The incident occurred at a port stop in Puerto Rico, when the grandfather, who was holding the baby, mistook open-air above the railing for a glass window and accidentally dropped the child 150 feet. In addition to the civil suit the family has placed, there is a criminal case against Chloe’s grandfather  Because this incident took place in Puerto Rico, this is where the grandfather was charged with a criminal misdemeanor as a result of Chloe’s death.

The family has been adamant that the grandfather, Salvatore “Sam” Anello, is not to blame. However, Salvatore is colorblind, which has led to speculation over his potential involvement in the incident, as the glass in question was tinted. Hypothetically, the tinted glass would be notable to a person who does not have color blindness, thus allowing them to see if the window was open. However, in a statement from their lawyer, the Wiegand family said they did not support the misdemeanor, criminal neglect charge against Salvatore.

In filing their lawsuit last December against Royal Caribbean, the Wiegand family included photos of other ships that are safer and in compliance with all fall prevention laws. They are also adamant in believing that if the ship had only had followed these industry standards, that Chloe would not have died. The family claims that a warning, whether it be as small as a sticker or as large as a sign, would have been enough to save Chloe. Other ships have warnings on windows that can be opened, especially on higher deck levels.  Through their effort, the Wiegand family hopes that their lawsuit will prove that Royal Caribbean was negligent in designing the Freedom of the Seas, and that it’s essential for all ships to follow fall prevention laws.

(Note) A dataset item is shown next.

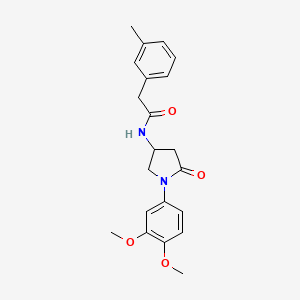 N-(1-(3,4-dimethoxyphenyl)-5-oxopyrrolidin-3-yl)-2-(m-tolyl)acetamide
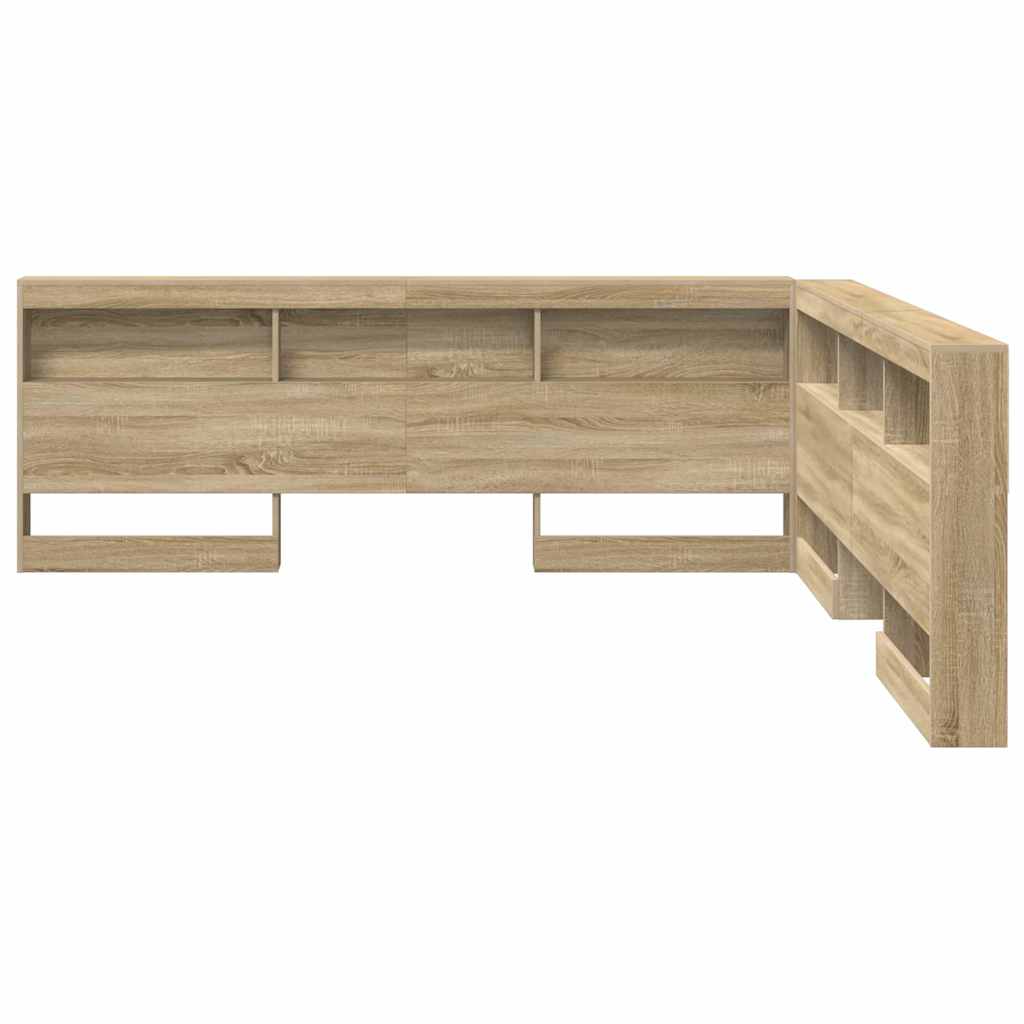 Opberghoofdbord met plank Sonoma Eiken 200 cm Bewerkt hout is nu te koop bij PeponiXL, paradijselijk wonen!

“No family should ever have to go through this kind of loss, especially with the guilt of a family member involved,” says Attorney Alan Hamilton of Shiver Hamilton. “However, this type of tragedy should be thoroughly investigated in order to determine any and all parties who may be at fault.”

While the amount of compensation requested in the lawsuit is currently unspecified, it includes a statement of intent from the family who are looking to prevent similar tragedies from happening in the future. While the amount of the suit is undetermined, because Chloe’s death occurred while they were in port instead of on the water the parents’ claim can be “unlimited.” Wrongful death lawsuits are different than suits filed under the Death On High Seas Act. Generally, wrongful death claims end with larger compensation for the grieving family than those that occur on the water or on watercraft.